Im Kanton Wallis, Schweiz, herrscht besorgniserregende Alarmbereitschaft aufgrund eines sich vergrößernenden Risses im Erdreich oberhalb des Dorfes Chippis. Dabei handelt es sich um eine Bruchlinie im Val d’Anniviers, die seit ihrer Entdeckung im Oktober 2025 aktiv überwacht wird. Der Riss ist mittlerweile 250 Meter lang und zwischen 80 Zentimeter und einem Meter breit. Geologen schätzen, dass bis zu 500.000 Kubikmeter Erdmasse abrutschen könnten.

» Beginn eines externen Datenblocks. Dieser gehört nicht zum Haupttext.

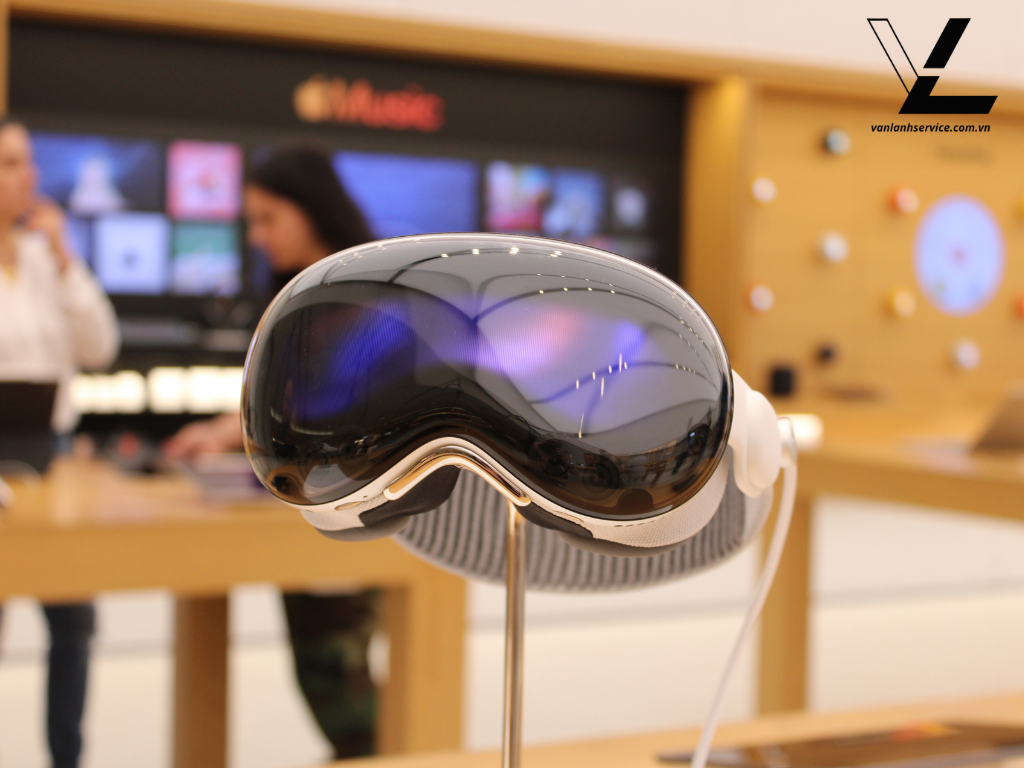 kính thực tế ảo apple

Diese Situation könnte zu gefährlichen Stauungen des Flusses Navizence führen, der durch Chippis fließt und dessen etwa 1.500 Einwohner vor den möglichen Folgen gewarnt werden.

Die zuständigen Behörden beobachten das Gebiet ständig und haben bereits vorsorgliche Evakuierungspläne erstellt. Plätze in Zivilschutzräumen in umliegenden Dörfern wurden reserviert. Darüber hinaus wurden mehrere sekundäre Verwerfungen in der Nähe des Hauptrisses festgestellt, was die Gefahrenlage zusätzlich verschärft. Im Falle eines Abrutsches könnte das Flussbett der Navizence verstopfen und einen temporären See entstehen lassen, was besonders bei Schneeschmelze Hochwassergefahren mit sich bringen würde. Dies könnte unter Umständen auch die Stromversorgung des Val d’Anniviers gefährden.

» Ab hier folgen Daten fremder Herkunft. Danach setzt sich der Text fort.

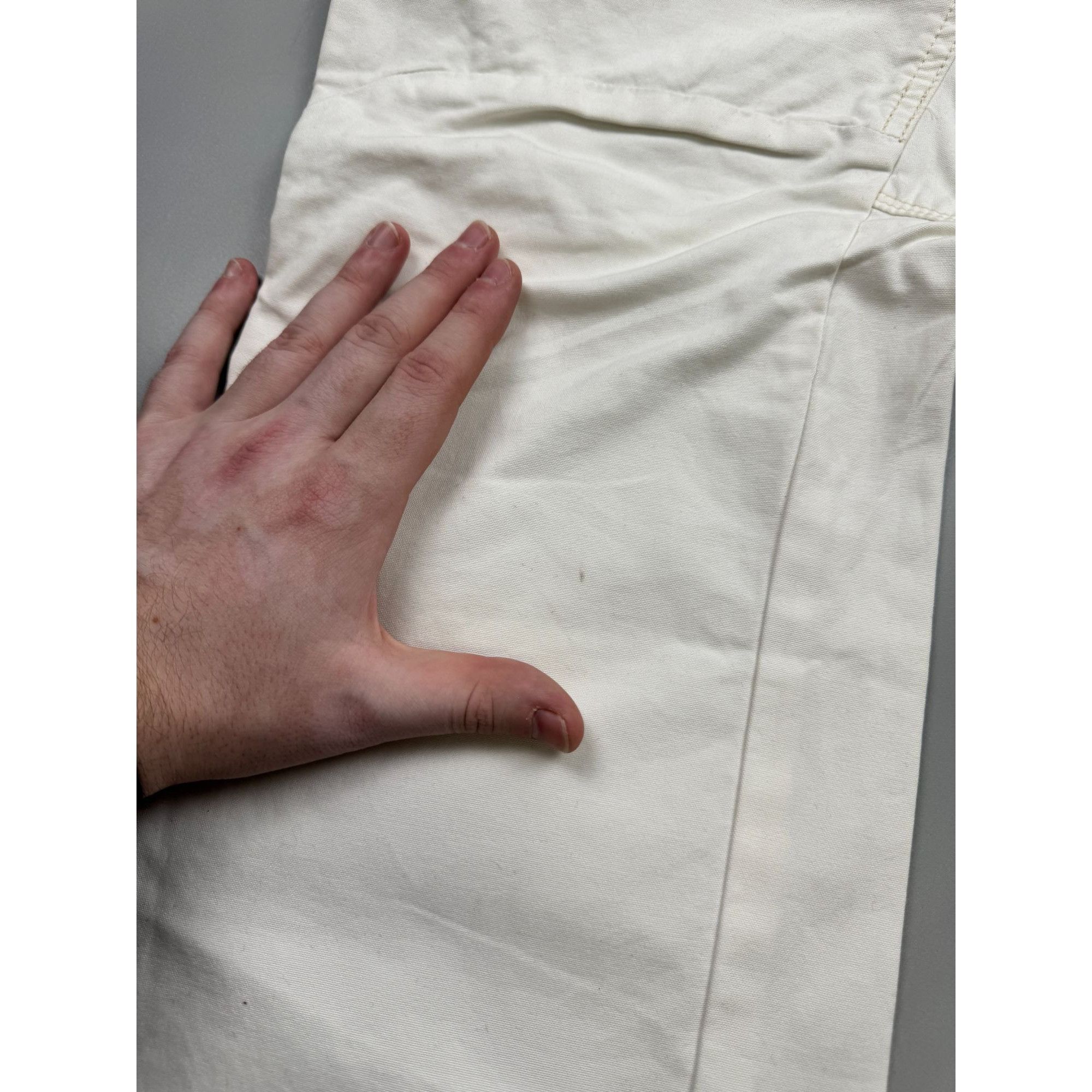 G-Star G-Star RAW White Pants (Y1186) Size US 33 - 10 Thumbnail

Sicherheitsmaßnahmen und Herausforderungen

Die Behörden haben große Bäume direkt am Hang gefällt, um das Risiko eines weiteren Abrutschens zu minimieren. Zudem kommen moderne Überwachungsinstrumente wie Längenmessgeräte, Laserscanner und Drohnen zum Einsatz, um die Bewegungen im Erdreich genau zu verfolgen. Die Geologen gehen davon aus, dass ein möglicher Einsturz in mehreren Etappen erfolgen könnte. An einer öffentlichen Informationsveranstaltung, an der fast 300 Einwohner teilnahmen, wurde die Bevölkerung über die Situation und die möglichen Evakuierungszeiten informiert.

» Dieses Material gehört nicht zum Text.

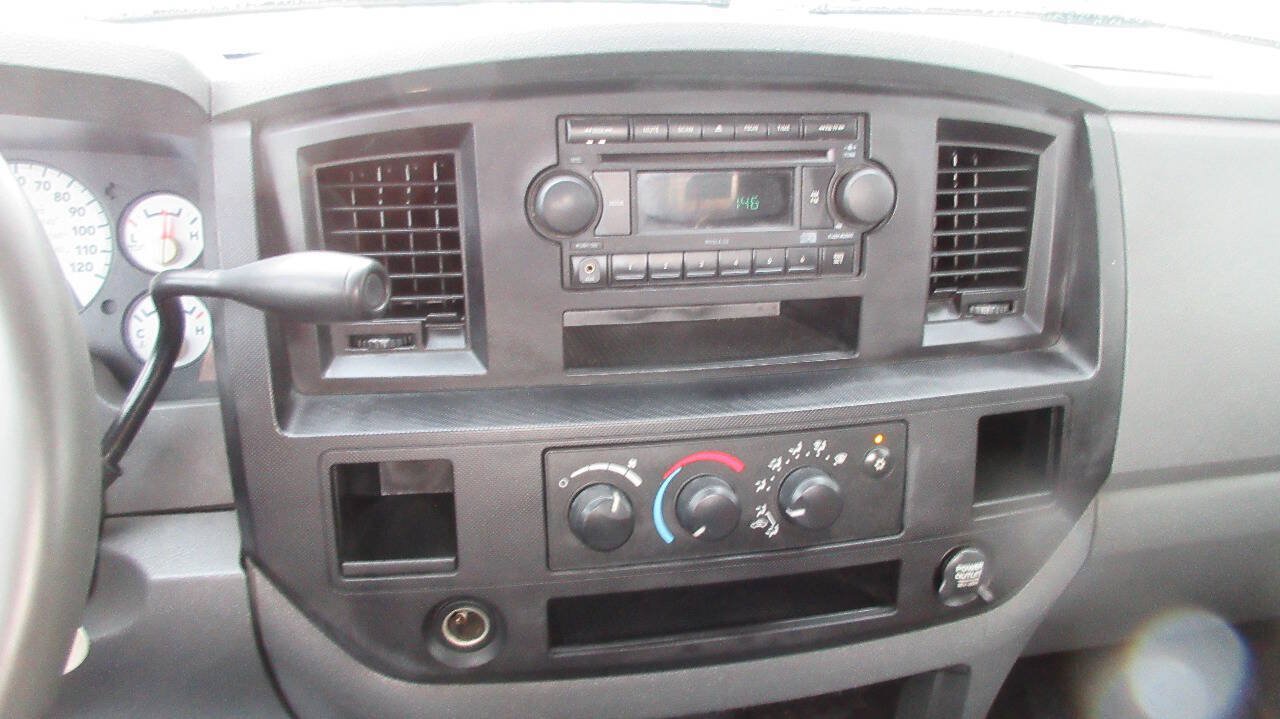 Used 2007 Dodge Ram 2500 Truck ST RWD image 32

Diese dramatische Situation erinnert an einen ähnlichen Vorfall im Mai 2025, als das Dorf Blatten im Lötschental von etwa neun Millionen Kubikmetern Fels, Geröll und Eis verschüttet wurde. Während und nach diesem Vorfall wurden die Einwohner von Blatten rechtzeitig in Sicherheit gebracht. Überwachung und präventive Maßnahmen sind hier von höchster Priorität, um ähnliche Tragödien zu vermeiden.

Klimawandel und geologische Risikoszenarien

Die derzeitige Lage in Chippis ist nicht isoliert, sondern ein Beispiel für die zunehmenden geologischen Risiken, die durch den Klimawandel verschärft werden. Ähnlich wie im Bündner Bergdorf Brienz, das im Juni 2023 von einem Felssturz bedroht war, machen auch hier zu hohe Grundwasserstände der instabilen Erdmasse zu schaffen. Christian Gartmann, Leiter des Krisenmanagements, beschreibt, dass die Ursachen in der starken Schneeschmelze und intensiven Niederschlägen der letzten Jahre zu suchen sind.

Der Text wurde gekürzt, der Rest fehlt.